━━ Source material

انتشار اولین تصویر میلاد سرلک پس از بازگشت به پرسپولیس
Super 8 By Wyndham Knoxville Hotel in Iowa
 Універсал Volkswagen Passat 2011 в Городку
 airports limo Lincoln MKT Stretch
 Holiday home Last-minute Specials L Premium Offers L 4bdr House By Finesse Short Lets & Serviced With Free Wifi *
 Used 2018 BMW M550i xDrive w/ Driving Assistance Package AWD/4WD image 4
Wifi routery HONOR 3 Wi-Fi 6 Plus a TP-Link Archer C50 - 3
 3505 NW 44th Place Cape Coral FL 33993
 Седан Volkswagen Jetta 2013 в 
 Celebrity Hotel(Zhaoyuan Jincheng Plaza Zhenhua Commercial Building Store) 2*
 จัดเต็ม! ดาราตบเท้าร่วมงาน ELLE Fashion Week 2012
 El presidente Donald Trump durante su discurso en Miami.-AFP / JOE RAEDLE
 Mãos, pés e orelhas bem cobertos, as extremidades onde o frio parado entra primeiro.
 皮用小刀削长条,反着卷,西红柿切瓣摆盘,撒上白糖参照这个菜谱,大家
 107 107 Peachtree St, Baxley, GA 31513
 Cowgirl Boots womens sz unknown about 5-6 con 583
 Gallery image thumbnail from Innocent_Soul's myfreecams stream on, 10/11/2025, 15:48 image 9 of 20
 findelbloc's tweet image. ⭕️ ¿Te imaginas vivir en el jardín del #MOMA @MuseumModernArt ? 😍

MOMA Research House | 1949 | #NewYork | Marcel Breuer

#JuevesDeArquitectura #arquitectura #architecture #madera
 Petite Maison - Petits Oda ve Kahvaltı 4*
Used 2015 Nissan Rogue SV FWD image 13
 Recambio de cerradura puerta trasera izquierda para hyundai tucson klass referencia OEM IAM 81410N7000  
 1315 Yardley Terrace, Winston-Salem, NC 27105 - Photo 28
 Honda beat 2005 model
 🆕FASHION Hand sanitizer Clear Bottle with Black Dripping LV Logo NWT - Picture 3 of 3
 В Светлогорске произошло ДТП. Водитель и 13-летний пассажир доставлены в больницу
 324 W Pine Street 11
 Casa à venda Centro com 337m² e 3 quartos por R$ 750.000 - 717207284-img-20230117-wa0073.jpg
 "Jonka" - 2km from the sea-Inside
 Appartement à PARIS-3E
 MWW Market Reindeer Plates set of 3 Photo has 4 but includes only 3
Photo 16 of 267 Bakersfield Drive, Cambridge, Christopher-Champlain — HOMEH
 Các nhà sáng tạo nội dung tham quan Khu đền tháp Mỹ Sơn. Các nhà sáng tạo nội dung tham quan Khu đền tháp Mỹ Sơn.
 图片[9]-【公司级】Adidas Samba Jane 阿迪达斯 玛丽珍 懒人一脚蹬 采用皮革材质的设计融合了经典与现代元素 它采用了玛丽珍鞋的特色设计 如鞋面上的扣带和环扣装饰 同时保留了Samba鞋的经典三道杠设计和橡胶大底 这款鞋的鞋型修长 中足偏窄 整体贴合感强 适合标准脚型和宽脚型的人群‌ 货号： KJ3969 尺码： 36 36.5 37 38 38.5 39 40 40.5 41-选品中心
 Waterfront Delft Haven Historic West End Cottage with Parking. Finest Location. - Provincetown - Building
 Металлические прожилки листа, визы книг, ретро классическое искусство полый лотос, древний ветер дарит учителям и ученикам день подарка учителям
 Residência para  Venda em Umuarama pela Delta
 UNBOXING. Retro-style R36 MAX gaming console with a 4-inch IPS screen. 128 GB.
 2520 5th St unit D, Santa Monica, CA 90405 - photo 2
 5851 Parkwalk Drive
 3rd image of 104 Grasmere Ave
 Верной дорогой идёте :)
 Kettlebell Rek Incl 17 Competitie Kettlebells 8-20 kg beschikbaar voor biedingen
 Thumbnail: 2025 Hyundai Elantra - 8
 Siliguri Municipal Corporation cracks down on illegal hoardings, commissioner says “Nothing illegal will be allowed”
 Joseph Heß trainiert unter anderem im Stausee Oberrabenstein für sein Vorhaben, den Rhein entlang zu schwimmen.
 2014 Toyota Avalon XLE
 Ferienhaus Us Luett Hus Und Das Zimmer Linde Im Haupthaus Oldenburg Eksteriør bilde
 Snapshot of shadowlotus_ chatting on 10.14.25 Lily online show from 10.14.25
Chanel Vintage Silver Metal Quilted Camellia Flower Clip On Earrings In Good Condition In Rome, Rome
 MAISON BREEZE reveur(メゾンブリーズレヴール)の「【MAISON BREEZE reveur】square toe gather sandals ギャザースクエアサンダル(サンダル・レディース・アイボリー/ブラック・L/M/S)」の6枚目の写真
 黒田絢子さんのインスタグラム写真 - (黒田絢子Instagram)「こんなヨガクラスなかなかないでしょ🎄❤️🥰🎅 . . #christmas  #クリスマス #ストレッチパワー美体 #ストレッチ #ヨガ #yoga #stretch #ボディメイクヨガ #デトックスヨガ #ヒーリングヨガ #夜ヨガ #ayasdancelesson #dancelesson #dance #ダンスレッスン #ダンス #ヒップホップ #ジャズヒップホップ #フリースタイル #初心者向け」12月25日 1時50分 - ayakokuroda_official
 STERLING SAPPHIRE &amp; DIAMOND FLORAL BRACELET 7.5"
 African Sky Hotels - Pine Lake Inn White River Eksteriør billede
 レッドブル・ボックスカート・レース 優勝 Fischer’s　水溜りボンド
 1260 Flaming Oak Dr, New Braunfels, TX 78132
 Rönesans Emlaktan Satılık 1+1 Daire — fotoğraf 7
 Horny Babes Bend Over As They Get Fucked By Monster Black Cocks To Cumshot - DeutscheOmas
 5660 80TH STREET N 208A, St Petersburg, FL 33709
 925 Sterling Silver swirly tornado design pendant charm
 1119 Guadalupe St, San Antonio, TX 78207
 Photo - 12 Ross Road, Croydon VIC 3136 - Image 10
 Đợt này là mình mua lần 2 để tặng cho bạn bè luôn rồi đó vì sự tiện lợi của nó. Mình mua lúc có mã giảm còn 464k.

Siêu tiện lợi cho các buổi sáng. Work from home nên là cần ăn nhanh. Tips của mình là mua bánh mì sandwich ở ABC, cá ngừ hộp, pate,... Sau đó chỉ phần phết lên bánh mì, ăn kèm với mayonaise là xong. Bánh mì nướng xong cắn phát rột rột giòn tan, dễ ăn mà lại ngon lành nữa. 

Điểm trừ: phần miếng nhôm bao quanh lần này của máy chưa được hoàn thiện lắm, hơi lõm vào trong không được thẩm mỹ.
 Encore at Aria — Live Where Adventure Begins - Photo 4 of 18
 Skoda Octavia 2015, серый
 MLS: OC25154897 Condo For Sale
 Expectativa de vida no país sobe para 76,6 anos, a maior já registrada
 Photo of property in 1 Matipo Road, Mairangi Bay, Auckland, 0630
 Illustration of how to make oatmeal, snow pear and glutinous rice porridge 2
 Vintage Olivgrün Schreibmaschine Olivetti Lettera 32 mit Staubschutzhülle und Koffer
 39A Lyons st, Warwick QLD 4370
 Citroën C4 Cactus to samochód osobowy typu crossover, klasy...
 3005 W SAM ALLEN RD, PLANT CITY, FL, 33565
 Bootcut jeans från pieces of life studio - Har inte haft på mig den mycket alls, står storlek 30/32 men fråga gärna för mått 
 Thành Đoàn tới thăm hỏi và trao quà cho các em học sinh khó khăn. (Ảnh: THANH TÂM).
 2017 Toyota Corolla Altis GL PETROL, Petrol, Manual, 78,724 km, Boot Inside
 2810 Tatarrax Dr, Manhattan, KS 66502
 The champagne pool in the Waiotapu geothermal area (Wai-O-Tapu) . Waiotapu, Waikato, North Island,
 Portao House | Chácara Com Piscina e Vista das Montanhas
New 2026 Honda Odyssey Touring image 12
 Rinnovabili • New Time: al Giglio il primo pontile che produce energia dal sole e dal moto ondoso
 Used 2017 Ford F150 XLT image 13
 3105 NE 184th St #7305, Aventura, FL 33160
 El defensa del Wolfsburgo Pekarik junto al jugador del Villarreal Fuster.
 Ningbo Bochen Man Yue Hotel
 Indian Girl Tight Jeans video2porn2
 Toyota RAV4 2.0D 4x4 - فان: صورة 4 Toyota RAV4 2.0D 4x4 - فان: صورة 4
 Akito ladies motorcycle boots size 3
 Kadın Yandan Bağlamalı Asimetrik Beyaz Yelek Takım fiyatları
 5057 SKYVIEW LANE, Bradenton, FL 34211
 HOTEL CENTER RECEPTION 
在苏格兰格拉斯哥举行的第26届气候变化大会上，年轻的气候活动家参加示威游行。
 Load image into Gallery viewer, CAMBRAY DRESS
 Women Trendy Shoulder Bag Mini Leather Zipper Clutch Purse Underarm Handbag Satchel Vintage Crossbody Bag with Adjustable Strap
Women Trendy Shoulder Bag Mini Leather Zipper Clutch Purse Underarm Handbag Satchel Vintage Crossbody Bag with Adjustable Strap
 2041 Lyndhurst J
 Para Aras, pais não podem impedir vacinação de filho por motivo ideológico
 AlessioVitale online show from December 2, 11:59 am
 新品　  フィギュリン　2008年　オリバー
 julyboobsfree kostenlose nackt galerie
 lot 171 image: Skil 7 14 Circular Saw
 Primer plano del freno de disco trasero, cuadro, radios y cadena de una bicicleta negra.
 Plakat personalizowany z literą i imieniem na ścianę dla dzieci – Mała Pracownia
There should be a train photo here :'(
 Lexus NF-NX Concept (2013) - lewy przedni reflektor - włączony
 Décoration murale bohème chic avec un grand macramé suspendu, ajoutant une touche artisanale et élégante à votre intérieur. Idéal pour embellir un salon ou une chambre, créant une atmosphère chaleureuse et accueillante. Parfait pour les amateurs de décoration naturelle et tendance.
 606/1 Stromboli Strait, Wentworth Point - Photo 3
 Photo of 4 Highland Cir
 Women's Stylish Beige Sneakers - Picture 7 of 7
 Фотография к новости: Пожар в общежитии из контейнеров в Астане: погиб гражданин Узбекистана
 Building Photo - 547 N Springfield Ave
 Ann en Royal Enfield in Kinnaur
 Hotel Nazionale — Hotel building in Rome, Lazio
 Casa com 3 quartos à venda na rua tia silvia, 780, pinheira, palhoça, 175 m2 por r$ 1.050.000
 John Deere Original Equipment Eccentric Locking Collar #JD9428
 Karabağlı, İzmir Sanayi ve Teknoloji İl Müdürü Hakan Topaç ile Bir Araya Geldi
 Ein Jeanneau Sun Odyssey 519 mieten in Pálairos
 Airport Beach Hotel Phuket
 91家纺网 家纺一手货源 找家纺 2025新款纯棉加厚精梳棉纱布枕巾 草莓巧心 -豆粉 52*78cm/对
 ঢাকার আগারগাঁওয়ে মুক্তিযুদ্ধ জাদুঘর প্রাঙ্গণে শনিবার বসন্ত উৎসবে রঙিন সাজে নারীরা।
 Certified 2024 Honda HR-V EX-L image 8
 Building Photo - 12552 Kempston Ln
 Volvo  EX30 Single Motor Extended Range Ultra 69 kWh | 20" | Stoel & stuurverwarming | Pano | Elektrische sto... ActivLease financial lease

━━━━

**What you need to do:** Within the material above, extract exactly the lines that start at the line containing "Chanel Vintage Silver" and stop after the line containing "MAISON BREEZE reveur(メゾンブリーズレヴール)の「【MAISON", and only those.

**Answer for this exercise:**
Chanel Vintage Silver Metal Quilted Camellia Flower Clip On Earrings In Good Condition In Rome, Rome
 MAISON BREEZE reveur(メゾンブリーズレヴール)の「【MAISON BREEZE reveur】square toe gather sandals ギャザースクエアサンダル(サンダル・レディース・アイボリー/ブラック・L/M/S)」の6枚目の写真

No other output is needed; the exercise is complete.